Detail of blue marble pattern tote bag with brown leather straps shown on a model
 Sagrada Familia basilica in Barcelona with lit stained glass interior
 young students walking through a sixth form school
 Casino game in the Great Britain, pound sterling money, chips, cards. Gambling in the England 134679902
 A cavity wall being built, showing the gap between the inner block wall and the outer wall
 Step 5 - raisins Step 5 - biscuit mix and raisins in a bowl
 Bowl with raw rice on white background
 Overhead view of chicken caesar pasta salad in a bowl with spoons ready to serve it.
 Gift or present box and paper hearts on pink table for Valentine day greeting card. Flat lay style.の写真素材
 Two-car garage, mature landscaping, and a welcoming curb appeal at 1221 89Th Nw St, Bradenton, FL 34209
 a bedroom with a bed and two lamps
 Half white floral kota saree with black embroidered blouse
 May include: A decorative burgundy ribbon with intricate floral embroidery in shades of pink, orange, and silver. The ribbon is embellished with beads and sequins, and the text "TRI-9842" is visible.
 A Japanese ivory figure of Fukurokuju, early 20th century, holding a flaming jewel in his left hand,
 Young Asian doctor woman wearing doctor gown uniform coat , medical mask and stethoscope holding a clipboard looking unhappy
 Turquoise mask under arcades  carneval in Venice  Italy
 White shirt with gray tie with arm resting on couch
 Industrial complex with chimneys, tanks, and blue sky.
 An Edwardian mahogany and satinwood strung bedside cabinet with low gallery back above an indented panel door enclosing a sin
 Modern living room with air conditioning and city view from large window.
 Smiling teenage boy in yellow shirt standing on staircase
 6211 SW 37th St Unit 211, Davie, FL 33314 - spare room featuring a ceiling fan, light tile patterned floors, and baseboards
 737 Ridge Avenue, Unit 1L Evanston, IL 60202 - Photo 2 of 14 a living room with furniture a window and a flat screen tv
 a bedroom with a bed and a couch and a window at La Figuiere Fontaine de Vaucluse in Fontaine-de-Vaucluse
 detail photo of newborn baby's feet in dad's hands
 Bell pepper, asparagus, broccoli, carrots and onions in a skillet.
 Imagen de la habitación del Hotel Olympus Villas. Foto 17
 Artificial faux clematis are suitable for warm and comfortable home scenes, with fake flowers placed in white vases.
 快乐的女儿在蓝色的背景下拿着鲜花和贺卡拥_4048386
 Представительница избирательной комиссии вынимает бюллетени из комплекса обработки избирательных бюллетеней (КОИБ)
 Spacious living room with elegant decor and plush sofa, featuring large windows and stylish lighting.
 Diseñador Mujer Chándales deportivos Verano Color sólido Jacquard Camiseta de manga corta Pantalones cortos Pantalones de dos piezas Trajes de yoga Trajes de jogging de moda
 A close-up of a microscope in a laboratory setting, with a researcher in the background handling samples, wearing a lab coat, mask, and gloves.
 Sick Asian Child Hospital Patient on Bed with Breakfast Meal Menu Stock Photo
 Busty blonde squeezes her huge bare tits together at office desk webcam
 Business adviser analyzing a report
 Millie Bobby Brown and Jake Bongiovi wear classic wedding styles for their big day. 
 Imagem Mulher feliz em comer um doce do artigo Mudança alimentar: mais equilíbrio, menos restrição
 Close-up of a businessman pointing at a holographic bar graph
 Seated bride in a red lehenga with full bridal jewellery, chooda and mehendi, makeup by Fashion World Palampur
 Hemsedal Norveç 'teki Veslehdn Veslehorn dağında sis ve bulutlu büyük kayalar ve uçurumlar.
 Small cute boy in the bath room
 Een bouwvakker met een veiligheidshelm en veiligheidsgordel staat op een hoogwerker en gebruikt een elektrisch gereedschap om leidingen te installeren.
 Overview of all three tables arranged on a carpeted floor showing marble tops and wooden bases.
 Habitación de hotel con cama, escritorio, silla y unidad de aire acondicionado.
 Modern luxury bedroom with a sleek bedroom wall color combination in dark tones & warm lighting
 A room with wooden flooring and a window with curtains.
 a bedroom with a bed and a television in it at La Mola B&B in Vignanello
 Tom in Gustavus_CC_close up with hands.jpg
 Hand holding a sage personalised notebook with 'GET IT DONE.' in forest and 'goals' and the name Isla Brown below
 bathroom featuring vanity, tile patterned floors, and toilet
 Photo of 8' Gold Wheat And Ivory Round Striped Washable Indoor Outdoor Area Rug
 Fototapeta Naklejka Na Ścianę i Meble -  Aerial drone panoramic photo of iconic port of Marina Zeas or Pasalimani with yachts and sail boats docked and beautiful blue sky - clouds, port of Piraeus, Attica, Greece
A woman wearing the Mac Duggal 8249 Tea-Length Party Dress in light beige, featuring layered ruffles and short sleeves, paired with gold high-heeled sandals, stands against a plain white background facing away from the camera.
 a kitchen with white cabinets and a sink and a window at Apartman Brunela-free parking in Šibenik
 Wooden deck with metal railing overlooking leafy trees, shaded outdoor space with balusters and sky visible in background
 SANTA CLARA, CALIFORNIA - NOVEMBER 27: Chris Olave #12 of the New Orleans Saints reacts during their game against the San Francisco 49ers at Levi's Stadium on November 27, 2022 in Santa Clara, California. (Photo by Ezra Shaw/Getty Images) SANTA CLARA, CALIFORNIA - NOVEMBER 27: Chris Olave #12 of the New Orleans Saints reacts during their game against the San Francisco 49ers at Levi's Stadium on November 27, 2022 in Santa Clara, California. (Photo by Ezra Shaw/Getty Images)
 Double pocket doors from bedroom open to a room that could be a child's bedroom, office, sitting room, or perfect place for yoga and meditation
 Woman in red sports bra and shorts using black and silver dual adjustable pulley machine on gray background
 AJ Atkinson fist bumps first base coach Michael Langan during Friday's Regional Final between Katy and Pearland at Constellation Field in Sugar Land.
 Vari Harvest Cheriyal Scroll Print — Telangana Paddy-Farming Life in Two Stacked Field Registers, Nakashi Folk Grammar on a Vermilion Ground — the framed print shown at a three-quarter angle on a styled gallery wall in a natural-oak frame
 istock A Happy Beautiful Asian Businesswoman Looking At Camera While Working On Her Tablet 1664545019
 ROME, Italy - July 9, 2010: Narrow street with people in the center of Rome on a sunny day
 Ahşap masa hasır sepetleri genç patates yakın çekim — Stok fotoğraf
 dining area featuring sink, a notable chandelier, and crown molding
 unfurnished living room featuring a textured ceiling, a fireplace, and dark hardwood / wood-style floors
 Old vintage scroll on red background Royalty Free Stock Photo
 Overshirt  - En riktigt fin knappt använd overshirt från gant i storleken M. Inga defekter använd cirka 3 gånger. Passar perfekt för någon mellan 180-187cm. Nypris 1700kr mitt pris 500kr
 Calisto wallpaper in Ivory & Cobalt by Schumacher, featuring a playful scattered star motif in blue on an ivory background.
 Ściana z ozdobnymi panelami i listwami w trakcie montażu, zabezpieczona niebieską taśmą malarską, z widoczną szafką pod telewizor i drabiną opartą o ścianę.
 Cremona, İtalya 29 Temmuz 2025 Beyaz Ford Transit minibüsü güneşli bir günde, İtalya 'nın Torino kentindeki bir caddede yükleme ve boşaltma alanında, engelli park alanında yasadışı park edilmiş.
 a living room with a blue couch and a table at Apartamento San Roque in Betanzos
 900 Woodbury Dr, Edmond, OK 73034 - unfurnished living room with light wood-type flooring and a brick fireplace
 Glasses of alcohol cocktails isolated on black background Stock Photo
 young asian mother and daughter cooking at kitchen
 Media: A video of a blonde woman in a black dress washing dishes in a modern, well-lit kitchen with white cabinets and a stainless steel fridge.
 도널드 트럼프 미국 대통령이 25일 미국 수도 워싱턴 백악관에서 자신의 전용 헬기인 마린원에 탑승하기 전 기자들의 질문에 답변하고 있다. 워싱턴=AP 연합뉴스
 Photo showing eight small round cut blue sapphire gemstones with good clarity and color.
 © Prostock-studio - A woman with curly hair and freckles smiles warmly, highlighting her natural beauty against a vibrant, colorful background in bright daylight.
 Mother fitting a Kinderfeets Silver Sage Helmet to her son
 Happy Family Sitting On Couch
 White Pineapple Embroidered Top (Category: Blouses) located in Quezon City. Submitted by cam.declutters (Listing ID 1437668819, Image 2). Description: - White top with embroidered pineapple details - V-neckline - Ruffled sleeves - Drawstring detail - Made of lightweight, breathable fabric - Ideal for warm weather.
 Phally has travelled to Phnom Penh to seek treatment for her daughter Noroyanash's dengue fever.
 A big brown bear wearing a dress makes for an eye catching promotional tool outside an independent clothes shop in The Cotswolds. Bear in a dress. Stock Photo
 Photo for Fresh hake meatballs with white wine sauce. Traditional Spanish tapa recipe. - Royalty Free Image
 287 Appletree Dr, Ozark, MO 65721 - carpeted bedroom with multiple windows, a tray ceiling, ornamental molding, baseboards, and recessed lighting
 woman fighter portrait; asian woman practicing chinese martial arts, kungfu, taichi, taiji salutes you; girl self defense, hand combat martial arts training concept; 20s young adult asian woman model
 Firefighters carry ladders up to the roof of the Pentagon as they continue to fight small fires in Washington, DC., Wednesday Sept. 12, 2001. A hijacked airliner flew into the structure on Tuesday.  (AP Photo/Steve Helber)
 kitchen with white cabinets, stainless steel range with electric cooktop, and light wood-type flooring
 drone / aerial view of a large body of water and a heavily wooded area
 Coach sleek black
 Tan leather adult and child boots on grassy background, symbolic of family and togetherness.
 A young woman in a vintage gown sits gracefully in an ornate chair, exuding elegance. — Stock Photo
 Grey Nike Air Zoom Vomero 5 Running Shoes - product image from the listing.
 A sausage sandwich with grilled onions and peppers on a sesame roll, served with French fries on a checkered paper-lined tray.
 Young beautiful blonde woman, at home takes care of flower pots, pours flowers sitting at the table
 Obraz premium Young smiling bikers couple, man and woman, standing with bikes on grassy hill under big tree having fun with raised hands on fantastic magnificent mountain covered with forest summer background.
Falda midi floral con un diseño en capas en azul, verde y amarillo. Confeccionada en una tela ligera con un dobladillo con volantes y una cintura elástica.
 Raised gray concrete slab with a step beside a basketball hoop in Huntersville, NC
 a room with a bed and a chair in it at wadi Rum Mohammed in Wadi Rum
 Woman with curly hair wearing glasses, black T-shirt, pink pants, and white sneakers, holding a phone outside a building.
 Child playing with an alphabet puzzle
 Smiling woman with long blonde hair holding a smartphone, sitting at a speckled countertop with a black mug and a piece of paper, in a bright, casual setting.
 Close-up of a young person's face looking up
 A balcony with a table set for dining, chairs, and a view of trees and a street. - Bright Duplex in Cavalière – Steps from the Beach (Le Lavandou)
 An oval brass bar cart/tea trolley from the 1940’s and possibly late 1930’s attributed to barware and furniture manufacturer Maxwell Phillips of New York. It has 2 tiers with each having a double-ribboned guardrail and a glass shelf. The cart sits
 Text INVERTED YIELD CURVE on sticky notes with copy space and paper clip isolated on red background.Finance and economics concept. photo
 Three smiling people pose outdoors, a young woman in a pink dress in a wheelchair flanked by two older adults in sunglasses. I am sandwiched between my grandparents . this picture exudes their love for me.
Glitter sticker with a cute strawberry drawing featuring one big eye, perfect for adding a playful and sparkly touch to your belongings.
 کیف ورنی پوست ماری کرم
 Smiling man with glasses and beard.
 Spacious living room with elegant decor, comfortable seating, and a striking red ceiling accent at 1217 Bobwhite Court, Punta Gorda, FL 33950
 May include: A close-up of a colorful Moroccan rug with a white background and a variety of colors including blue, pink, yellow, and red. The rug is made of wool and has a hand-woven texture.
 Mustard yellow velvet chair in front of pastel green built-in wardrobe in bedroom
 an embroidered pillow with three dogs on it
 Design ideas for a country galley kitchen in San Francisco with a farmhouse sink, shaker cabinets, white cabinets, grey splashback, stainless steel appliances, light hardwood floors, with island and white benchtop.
....
### Activity:
Display each line of the data where "Royalty" occurs.

### Solution to this exercise:
 Old vintage scroll on red background Royalty Free Stock Photo
 Photo for Fresh hake meatballs with white wine sauce. Traditional Spanish tapa recipe. - Royalty Free Image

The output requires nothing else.